(Data for this task begins)

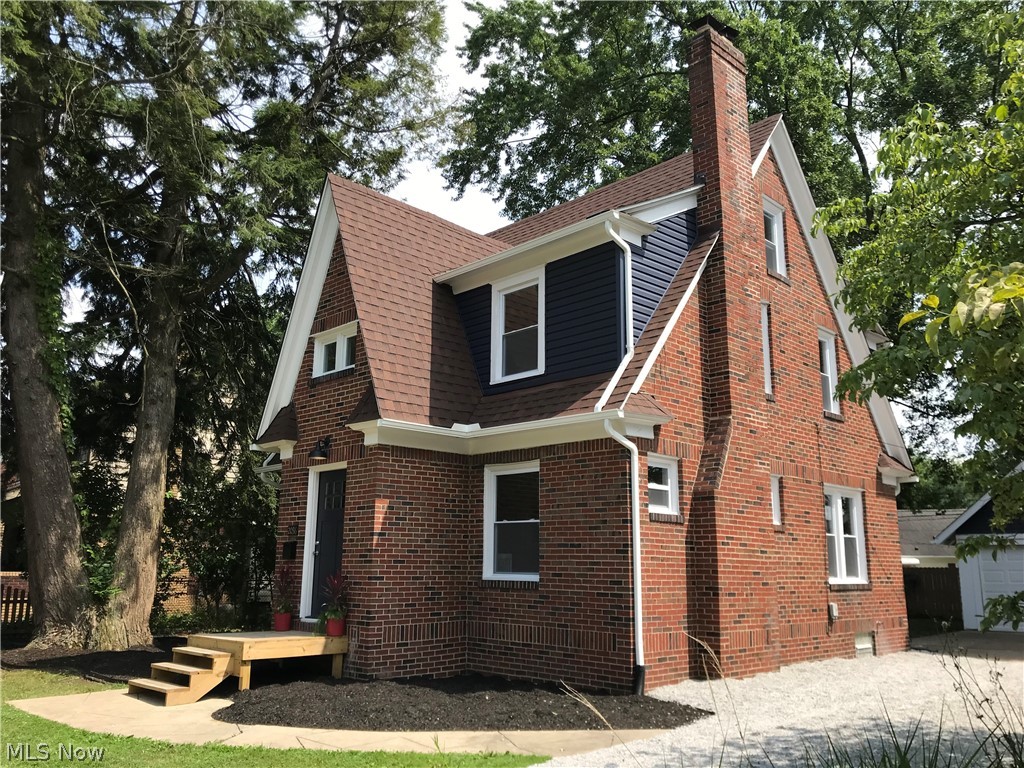 West Portage Path - Residential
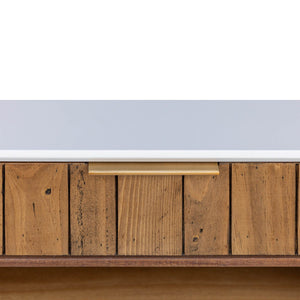 Casablanca Nightstand - compact nightstand with style | Image 9 | InSTYLE Home & Rugs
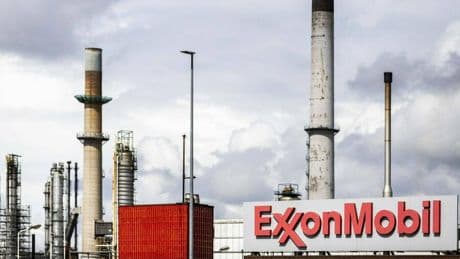 Mineralölkonzern: Exxon prüft Trennung von seinen Chemieanlagen in Europa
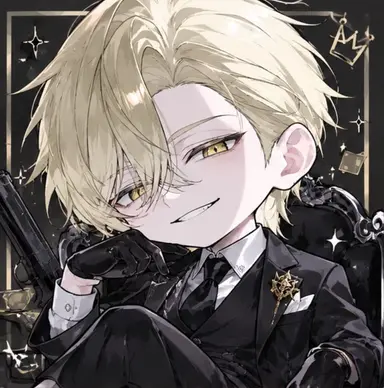 Profile image of 레이진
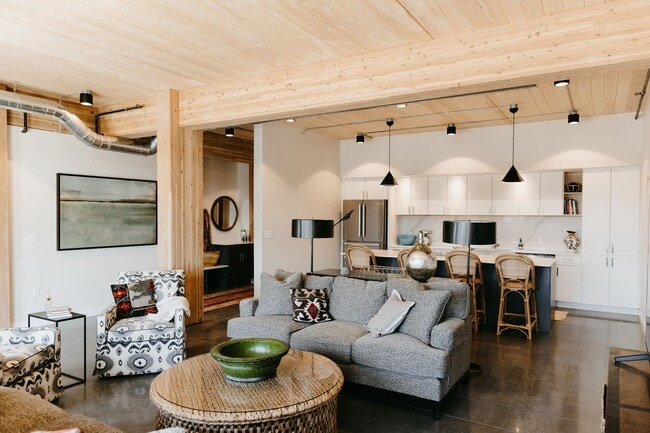 Building Photo - The Dakota Flats at Cherapa Place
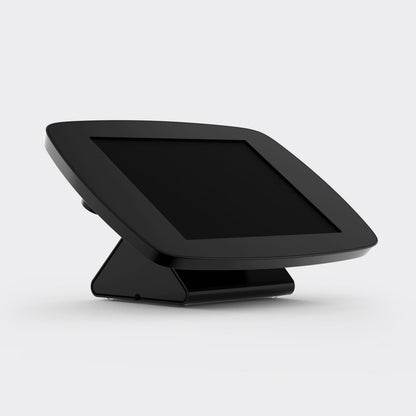 Bouncepad iPad Desk Mount iPad 11.0 11th Gen / Black / Front Camera Exposed Bouncepad Flip - iPad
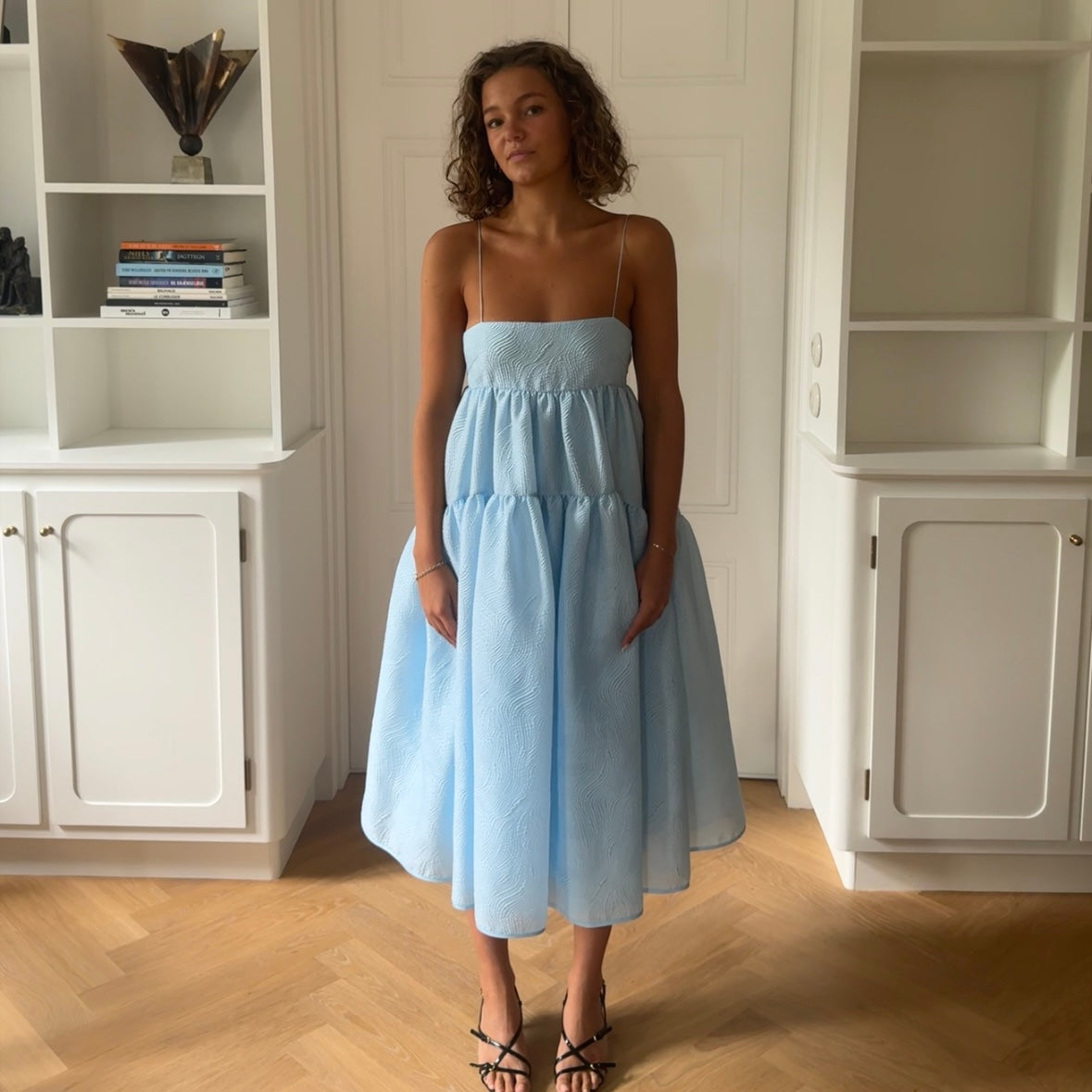 SOFIE DRESS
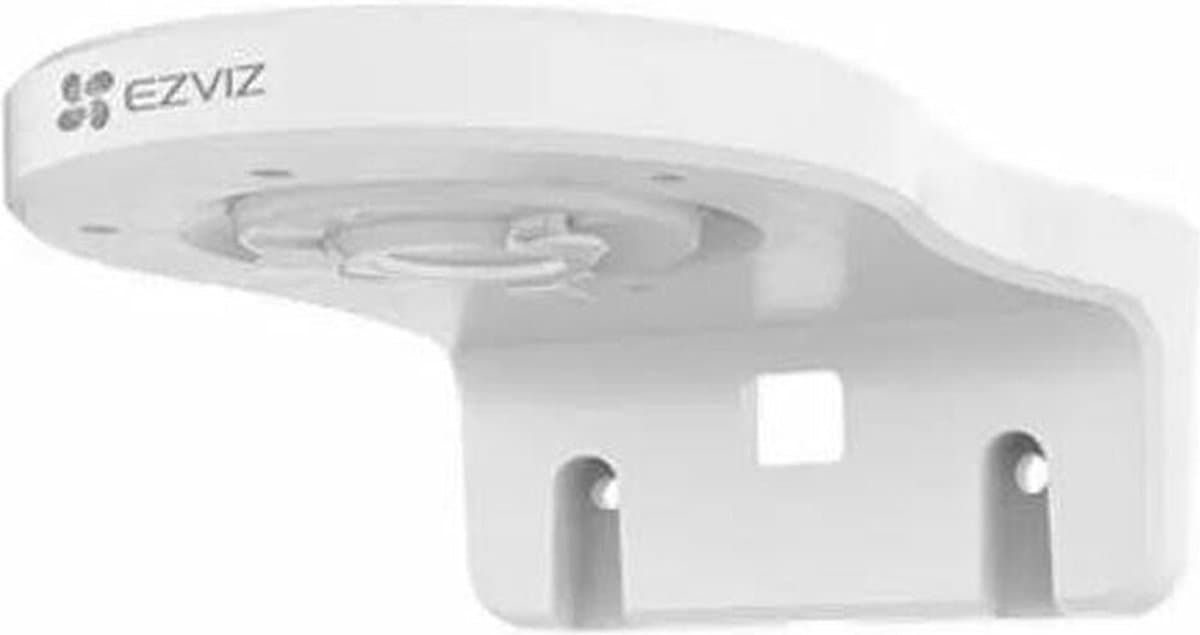 EZVIZ, Wandmontagebeugel voor gemotoriseerde domecamera, Wit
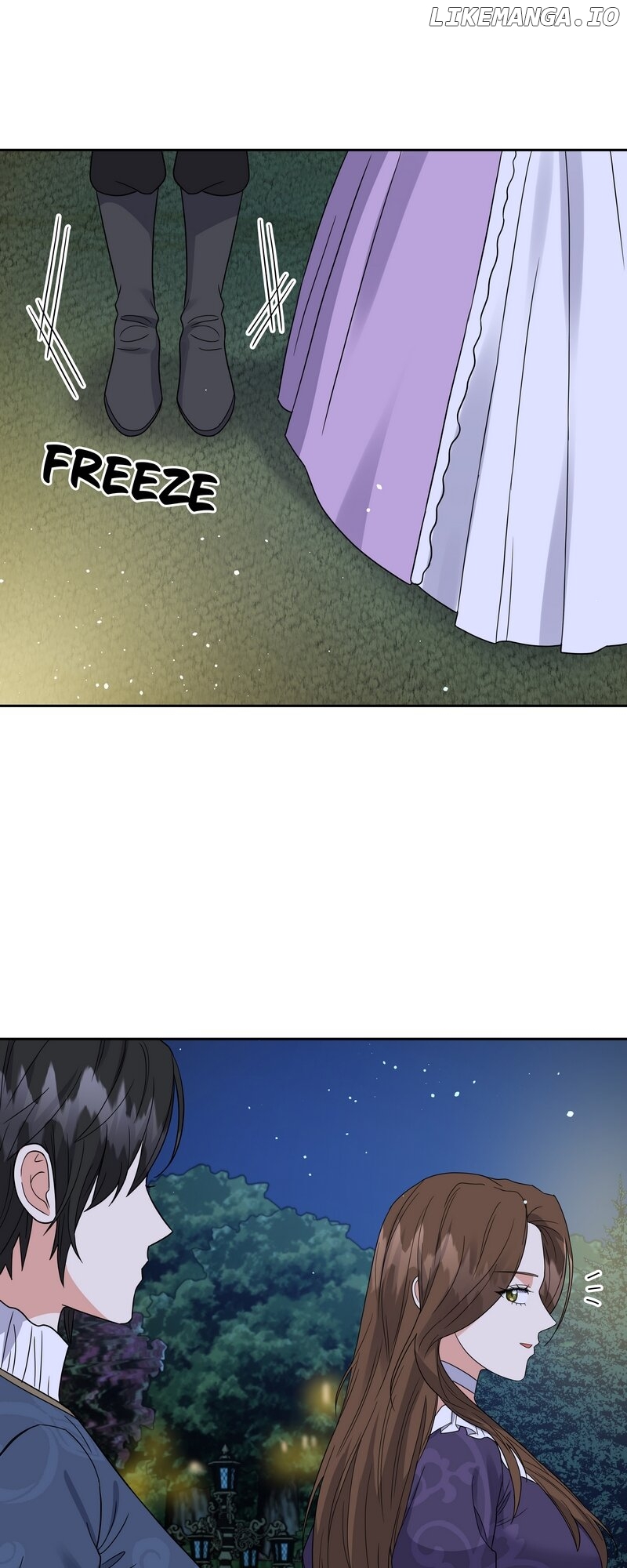 The Villainess Once Said Chapter 41 - page 48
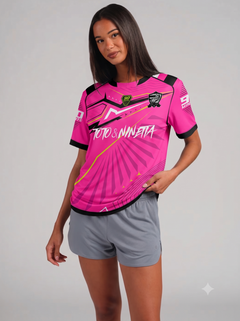Maillot jul toto et ninetta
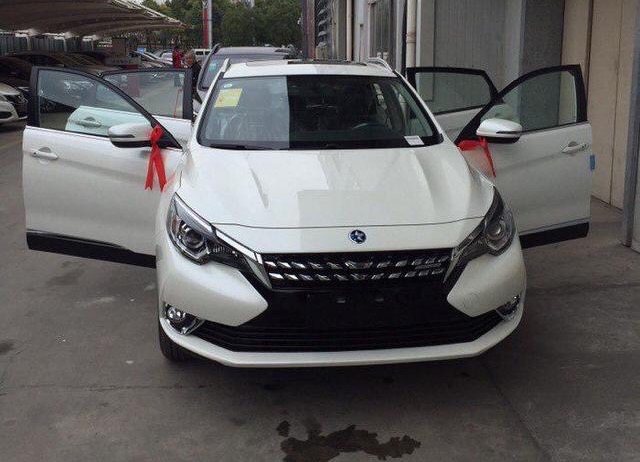 启辰t90提车,启辰t90提车视频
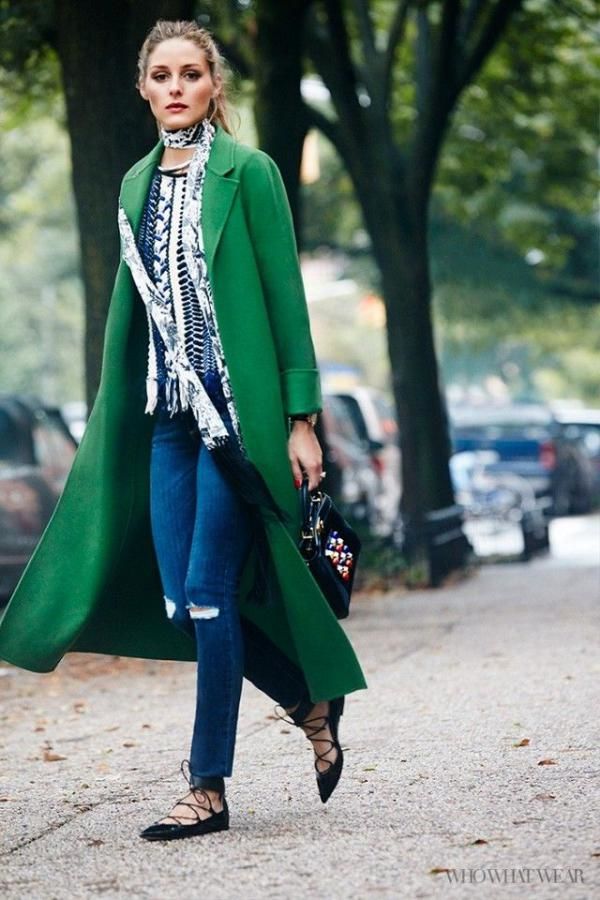 olivia palermo style guide 2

(Data for this task ends)

Starting at the line that contains "Casablanca Nightstand - compact", write out every line through the end of the entries above exactly, and omit the pictures.

 Casablanca Nightstand - compact nightstand with style | Image 9 | InSTYLE Home & Rugs
 Mineralölkonzern: Exxon prüft Trennung von seinen Chemieanlagen in Europa
 Profile image of 레이진
 Building Photo - The Dakota Flats at Cherapa Place
 Bouncepad iPad Desk Mount iPad 11.0 11th Gen / Black / Front Camera Exposed Bouncepad Flip - iPad
 SOFIE DRESS
 EZVIZ, Wandmontagebeugel voor gemotoriseerde domecamera, Wit
 The Villainess Once Said Chapter 41 - page 48
Maillot jul toto et ninetta
 启辰t90提车,启辰t90提车视频
 olivia palermo style guide 2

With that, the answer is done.